Os EUA, por exemplo, construíram campos de concentração para japoneses (e antes já haviam adotados práticas semelhantes contra os “pele-vermelhas” no século XIX), viram a União centralizar os poderes nas mãos de Roosevelt que adotou fortes políticas intervencionistas como o New Deal e a economia de guerra, e viveram sob uma ideologia fortemente coletivista que visava arregimentar as massas para os conflitos mundiais – o nacionalismo, que acabou por descambar no macartismo e que até hoje tem forte apelo na sociedade norte-americana.
Assim, sob a égide dos aspectos formais que são normalmente utilizados para igualar a URSS e a Alemanha nazista, é possível também colocar os EUA e não só ele, como todos os países beligerantes ou que de alguma forma foram ameaçados pela guerra total. A conjuntura material da época influenciou a todos, havendo apenas diferenças de grau na manifestação dos aspectos formais devido, sobretudo, à geopolítica de cada lugar. Os EUA, por serem uma nação insular, não se radicalizaram tanto quanto a URSS ou a Alemanha, que eram países que se encontravam no epicentro das guerras. Não por acaso, foram as duas nações que mais sofreram perdas humanas e destruição material, com exceção, talvez, da China – que sofreu também um terrível holocausto nas mãos dos invasores japoneses.

Conclusão
Conclui-se que as analogias entre a Alemanha nazista e a União Soviética se pautam basicamente em aspectos formais dos fenômenos políticos, ignorando-se completamente as características essenciais destes. Sob o critério da forma, é possível enquadrar no mesmo modelo não só a Alemanha e a União Soviética, mas também potências liberais como os Estados Unidos e nações das mais diversas que, de alguma maneira, foram envolvidas pela duríssima conjuntura da Guerra Total. Assim, o século XX seria nada mais do que uma série de Estados totais (de diferentes graus, mas possuidores das mesmas características) e imorais batalhando pela supremacia global. Tal visão fundamentada exclusivamente nos aspectos formais acaba levando ao niilismo da anti-política, ao moralismo exacerbado e ao completo desconhecimento das situações concretas que levam as sociedades humanas a construir e modelar suas instituições.

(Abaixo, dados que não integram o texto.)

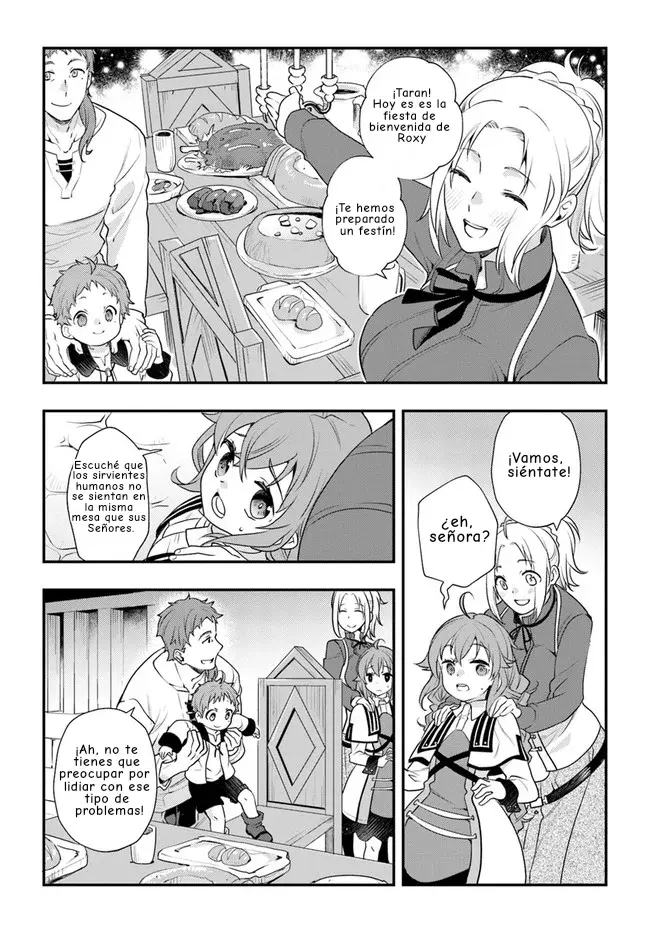 Mushoku Tensei - Roxy datte Honki desu Capitulo 53 página 21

O argumento, levado às suas últimas conseqüências, dos discursos presos apenas à forma dos fenômenos políticos é pura e simplesmente o de que há uma “natureza humana” imutável que nos força a buscar sempre mais e mais poder, é, portanto, um determinismo agudo que solapa qualquer possibilidade de ação do sujeito histórico que, na realidade, não é sujeito, é apenas uma marionete da suprema força natural. No entanto, existe um pulo do gato interessante neste discurso – ele não é levado às suas últimas conseqüências, é lançado contra o inimigo apenas. Só o inimigo é dominado por este destino incontornável, só a ideologia comunista ou nazista é que torna o homem escravo. A ideologia liberal nos concede uma graça miraculosa que restringe nossa natureza, e que possibilita que o reino da liberdade supere o da necessidade. Mas para construir essa falácia ela não só ignora os aspectos essenciais dos fenômenos políticos comunistas e nazistas, como também suprime a própria semelhança de forma que os fenômenos liberais possuem em relação aos dois já mencionados quando confrontados com a conjuntura da Guerra Total.

1Ver o artigo do autor sobre a industrialização do Brasil.
2LOSURDO, Domenico. Para uma crítica da categoria de totalitarismo. , p. 76.
3LOSURDO, Domenico. Stalin - História crítcia de uma lenda negra. Rio de Janeiro, Editora Revan, 2010. p. 281.
4LOSURDO, Domenico. Para uma crítica da categoria de totalitarismo. , p. 70.